**Short text fragments from websites**.
⟨
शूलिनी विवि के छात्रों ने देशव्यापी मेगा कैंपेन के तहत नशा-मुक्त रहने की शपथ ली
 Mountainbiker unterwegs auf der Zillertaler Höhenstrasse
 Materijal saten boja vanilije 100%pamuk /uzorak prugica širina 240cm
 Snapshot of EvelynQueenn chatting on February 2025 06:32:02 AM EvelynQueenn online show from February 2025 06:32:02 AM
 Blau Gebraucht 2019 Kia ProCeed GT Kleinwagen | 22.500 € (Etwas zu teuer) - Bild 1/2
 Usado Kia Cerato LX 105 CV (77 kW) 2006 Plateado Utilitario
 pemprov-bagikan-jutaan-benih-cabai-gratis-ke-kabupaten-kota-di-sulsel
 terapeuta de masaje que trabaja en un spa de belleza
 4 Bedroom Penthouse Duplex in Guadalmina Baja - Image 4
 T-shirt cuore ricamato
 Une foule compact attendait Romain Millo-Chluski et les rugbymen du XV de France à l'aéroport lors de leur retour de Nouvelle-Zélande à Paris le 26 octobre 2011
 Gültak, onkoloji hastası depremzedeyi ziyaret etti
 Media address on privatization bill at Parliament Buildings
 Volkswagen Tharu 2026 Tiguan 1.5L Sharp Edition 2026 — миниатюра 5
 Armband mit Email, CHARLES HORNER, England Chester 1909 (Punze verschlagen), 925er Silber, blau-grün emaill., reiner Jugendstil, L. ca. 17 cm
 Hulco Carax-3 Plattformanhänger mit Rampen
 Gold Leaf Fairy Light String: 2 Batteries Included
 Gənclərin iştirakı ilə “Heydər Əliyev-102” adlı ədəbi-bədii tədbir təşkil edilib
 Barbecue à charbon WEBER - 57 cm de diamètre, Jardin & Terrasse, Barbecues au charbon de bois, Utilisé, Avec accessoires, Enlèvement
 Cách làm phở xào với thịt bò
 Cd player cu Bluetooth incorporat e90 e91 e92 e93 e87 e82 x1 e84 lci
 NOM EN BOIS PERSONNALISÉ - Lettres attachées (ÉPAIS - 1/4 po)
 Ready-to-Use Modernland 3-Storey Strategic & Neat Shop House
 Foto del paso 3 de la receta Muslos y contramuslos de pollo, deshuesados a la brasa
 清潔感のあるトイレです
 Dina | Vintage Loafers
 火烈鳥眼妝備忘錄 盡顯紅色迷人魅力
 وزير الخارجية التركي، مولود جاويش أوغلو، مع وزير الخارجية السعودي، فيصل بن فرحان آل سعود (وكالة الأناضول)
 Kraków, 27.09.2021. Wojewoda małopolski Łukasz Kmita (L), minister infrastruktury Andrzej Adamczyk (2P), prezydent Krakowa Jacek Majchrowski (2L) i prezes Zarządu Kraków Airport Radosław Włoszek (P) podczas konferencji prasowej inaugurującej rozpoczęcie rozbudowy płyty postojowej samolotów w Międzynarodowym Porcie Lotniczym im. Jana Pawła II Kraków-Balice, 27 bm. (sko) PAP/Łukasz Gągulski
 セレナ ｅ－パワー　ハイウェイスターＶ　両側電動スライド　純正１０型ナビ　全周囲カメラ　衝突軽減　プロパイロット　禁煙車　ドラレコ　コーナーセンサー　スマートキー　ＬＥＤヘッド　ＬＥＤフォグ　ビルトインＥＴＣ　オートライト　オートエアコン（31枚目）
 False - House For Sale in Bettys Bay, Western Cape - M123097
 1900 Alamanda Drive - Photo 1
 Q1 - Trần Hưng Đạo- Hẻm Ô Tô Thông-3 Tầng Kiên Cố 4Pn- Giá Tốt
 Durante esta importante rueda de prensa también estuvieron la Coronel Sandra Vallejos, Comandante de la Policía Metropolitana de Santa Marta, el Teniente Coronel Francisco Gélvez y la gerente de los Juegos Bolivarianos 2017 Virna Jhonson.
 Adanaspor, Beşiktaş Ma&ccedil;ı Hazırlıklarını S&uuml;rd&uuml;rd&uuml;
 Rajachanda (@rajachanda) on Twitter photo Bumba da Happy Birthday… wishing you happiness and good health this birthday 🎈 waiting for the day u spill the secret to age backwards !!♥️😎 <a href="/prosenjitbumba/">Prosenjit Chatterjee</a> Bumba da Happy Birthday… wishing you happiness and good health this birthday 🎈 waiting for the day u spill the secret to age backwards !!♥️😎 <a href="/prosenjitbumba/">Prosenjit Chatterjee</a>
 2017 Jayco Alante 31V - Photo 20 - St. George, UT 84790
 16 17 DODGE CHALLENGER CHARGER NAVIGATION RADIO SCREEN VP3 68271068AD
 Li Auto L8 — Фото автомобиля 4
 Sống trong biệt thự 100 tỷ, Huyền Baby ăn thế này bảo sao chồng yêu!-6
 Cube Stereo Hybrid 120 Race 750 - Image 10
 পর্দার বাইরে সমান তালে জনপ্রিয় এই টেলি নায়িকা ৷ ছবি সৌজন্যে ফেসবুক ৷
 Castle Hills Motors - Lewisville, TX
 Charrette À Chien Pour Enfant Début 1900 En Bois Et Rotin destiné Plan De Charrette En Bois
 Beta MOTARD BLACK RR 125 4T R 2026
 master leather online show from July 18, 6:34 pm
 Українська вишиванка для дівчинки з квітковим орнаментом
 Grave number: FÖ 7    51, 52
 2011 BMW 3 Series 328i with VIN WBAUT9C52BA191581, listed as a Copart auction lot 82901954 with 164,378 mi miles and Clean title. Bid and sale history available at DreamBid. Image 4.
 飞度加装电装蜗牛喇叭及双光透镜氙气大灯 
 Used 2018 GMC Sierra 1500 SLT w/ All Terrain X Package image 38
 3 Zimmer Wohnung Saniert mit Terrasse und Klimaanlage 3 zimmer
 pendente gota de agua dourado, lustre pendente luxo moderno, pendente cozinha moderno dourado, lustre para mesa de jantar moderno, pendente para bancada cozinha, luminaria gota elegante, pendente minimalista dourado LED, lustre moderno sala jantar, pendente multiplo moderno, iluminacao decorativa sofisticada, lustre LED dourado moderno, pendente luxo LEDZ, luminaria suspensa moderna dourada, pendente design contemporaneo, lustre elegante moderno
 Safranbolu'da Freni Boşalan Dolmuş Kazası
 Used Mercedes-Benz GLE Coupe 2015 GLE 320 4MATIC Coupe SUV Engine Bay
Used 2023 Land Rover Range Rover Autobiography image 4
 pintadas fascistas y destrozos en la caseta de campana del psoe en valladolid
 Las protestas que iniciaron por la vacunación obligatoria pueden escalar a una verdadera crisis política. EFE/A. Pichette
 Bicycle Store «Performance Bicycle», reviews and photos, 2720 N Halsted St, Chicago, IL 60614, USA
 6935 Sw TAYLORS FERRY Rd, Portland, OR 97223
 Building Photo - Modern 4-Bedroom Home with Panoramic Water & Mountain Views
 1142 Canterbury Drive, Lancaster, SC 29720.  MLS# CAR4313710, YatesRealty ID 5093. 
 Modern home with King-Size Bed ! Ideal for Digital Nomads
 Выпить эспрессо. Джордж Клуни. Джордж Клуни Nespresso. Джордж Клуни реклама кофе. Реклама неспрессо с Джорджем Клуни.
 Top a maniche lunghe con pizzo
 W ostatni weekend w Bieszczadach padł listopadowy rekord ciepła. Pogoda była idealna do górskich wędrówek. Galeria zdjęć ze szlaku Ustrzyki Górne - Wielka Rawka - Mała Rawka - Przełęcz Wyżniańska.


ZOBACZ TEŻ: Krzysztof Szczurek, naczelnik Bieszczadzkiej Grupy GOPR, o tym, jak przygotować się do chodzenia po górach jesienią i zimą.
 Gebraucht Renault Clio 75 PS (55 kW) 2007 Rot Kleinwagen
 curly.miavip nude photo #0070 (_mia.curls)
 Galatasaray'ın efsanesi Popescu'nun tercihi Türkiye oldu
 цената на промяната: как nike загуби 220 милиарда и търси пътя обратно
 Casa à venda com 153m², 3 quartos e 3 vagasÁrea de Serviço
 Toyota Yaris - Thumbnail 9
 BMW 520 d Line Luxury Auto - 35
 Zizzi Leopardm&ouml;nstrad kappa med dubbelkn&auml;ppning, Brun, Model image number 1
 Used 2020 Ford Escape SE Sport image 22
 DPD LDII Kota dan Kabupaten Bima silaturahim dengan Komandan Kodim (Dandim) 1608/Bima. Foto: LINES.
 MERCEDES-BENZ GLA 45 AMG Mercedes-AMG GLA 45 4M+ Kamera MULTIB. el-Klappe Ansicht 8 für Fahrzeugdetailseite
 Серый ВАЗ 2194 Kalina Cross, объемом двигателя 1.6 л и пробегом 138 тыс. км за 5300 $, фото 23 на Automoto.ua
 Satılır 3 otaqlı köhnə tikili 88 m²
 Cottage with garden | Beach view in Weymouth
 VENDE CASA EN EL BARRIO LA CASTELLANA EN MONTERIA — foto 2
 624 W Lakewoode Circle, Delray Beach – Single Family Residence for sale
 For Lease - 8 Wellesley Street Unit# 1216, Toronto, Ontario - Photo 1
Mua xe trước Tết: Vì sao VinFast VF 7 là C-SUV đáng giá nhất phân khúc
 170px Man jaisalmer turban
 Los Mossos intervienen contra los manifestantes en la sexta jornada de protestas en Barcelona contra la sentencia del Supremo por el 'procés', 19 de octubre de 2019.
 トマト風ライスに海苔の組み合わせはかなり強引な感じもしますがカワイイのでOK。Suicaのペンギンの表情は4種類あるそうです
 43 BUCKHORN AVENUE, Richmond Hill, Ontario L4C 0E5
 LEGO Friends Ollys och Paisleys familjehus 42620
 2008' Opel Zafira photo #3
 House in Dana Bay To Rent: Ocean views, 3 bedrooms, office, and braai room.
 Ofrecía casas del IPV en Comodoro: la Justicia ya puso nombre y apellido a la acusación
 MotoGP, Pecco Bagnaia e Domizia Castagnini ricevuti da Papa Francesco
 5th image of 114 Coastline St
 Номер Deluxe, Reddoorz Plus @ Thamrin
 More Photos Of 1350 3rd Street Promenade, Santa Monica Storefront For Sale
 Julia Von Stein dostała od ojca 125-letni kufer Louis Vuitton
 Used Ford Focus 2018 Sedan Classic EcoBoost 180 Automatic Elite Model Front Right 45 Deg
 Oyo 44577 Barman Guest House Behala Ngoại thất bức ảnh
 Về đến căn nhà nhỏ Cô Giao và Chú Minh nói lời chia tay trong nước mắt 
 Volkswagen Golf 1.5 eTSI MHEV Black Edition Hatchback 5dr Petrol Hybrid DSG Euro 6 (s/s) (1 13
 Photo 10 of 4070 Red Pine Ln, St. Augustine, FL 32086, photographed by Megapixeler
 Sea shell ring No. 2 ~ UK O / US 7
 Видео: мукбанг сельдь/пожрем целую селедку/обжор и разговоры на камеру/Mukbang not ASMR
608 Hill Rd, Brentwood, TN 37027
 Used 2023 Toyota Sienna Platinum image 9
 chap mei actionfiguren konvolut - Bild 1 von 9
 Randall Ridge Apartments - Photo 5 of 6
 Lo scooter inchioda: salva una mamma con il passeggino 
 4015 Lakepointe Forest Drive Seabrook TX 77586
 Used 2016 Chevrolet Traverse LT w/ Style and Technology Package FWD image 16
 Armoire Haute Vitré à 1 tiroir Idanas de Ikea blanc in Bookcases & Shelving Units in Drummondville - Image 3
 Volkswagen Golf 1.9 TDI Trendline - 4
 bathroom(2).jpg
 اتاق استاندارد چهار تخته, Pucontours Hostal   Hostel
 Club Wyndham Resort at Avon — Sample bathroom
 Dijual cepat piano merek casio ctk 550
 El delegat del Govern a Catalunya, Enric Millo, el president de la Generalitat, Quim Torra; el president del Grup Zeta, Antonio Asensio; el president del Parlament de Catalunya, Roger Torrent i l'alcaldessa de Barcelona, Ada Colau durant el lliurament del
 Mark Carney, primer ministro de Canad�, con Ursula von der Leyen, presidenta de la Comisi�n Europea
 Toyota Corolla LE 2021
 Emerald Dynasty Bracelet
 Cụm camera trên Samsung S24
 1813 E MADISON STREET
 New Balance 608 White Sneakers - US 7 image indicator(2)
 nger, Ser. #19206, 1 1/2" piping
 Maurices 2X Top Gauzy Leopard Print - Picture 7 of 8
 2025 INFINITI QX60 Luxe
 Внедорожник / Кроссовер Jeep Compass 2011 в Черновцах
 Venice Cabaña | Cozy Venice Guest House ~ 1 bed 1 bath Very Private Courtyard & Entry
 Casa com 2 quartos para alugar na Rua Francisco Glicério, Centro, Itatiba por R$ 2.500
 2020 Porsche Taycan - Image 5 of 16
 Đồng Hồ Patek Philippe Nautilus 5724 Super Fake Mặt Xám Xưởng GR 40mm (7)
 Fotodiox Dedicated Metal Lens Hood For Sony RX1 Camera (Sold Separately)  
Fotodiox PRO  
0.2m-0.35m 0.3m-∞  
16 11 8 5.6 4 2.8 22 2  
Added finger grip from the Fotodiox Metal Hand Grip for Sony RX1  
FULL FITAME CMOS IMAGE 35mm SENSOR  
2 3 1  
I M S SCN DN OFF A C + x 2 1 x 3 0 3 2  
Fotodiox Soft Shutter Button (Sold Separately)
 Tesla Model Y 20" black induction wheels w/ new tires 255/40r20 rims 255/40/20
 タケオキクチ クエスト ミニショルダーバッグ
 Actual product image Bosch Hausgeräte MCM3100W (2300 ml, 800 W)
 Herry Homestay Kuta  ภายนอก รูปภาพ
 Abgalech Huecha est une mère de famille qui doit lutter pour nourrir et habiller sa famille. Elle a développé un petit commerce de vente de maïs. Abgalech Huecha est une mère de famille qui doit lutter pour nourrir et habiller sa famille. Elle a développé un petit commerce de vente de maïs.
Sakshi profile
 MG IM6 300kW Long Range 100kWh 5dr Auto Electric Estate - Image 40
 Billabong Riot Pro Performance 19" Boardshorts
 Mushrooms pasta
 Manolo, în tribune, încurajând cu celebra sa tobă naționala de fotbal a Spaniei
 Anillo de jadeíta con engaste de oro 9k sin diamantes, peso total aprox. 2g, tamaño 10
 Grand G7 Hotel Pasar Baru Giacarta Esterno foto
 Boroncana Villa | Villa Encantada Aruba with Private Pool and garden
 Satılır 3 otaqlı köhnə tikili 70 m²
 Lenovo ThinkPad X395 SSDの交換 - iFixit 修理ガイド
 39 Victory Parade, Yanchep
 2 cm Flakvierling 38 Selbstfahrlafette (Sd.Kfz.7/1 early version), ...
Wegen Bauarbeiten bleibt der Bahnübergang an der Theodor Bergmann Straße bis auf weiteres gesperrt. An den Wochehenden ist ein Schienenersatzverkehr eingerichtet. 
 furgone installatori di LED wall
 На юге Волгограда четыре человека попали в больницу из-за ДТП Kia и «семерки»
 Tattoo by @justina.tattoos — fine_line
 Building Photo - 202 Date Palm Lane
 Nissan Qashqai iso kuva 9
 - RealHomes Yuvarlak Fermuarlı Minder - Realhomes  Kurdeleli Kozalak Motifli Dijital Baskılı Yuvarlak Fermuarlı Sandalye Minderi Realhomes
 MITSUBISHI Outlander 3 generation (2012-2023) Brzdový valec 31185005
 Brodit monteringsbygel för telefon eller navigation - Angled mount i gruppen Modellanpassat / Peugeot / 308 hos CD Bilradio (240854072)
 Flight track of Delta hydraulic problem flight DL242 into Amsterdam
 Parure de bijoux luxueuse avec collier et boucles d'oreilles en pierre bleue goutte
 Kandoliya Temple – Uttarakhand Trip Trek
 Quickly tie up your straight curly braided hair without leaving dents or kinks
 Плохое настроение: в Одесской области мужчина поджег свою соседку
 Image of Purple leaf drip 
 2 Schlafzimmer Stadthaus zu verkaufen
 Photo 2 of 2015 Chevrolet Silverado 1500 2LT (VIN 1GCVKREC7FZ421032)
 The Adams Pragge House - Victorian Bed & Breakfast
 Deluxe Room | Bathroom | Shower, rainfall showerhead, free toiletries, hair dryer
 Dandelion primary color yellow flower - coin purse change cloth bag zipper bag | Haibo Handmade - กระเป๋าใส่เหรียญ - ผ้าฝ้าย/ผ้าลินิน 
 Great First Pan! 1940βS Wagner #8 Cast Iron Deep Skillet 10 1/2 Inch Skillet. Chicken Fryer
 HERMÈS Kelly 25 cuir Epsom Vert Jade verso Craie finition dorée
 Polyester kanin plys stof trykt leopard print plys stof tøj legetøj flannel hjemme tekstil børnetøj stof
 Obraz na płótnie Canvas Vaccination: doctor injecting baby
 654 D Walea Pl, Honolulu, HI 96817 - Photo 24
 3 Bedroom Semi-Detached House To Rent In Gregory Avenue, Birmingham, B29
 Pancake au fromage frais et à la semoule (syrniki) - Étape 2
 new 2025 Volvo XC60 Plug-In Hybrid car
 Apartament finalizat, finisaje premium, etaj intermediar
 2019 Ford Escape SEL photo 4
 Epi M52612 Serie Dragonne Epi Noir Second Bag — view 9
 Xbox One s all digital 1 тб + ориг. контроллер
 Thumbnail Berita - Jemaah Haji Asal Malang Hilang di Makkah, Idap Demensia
⟩
**Exercise objective**.
Exact copies of the line with "Epi M52612 Serie" and of every later line in the entries make up the whole answer.

**Completed exercise**.
 Epi M52612 Serie Dragonne Epi Noir Second Bag — view 9
 Xbox One s all digital 1 тб + ориг. контроллер
 Thumbnail Berita - Jemaah Haji Asal Malang Hilang di Makkah, Idap Demensia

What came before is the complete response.